**Data:**
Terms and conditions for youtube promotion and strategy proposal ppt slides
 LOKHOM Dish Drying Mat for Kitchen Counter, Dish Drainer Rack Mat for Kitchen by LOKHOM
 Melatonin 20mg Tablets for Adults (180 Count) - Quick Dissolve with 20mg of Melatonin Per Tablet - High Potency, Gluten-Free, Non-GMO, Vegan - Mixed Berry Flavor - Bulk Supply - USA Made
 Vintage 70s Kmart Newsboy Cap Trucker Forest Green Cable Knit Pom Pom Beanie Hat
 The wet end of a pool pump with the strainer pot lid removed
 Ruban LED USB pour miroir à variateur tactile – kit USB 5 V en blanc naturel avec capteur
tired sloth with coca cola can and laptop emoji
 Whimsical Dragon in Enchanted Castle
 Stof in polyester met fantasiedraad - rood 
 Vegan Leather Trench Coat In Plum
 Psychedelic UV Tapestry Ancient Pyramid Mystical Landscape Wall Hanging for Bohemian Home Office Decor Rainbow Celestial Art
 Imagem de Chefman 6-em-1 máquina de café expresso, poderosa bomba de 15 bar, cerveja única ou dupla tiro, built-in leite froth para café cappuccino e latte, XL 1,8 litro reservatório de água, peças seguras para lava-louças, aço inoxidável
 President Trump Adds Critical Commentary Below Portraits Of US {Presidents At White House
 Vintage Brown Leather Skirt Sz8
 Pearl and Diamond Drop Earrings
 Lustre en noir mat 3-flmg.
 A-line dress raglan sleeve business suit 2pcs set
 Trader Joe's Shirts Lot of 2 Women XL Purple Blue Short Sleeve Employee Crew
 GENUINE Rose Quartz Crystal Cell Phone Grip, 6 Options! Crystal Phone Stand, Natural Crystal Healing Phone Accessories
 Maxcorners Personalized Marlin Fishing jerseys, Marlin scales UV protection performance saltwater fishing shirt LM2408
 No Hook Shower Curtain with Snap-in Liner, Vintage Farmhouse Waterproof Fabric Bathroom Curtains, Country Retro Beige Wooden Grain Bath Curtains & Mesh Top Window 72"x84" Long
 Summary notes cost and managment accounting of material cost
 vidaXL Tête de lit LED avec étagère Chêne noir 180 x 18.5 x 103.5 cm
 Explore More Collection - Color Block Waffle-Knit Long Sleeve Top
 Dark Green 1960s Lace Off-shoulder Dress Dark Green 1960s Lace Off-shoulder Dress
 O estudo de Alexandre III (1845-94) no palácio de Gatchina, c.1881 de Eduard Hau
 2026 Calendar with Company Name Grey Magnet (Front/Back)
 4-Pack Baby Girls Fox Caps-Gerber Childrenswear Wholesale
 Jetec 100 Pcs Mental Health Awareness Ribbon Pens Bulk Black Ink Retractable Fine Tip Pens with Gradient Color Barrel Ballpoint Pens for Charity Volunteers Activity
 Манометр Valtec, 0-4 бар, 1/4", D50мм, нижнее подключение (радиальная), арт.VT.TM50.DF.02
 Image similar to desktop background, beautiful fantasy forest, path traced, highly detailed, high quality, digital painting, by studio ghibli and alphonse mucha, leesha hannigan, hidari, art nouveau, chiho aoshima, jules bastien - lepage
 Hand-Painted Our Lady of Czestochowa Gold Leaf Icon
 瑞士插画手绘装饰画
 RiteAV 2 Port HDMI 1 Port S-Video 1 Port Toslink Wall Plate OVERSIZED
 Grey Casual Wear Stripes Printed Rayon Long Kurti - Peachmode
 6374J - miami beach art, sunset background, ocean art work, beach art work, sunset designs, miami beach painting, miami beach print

**Exercise details:** Exactly as they stand, please print the lines from the first line of the records above down to the line that includes "LOKHOM Dish Drying", both of those included and no others.

**Result for this task:**
Terms and conditions for youtube promotion and strategy proposal ppt slides
 LOKHOM Dish Drying Mat for Kitchen Counter, Dish Drainer Rack Mat for Kitchen by LOKHOM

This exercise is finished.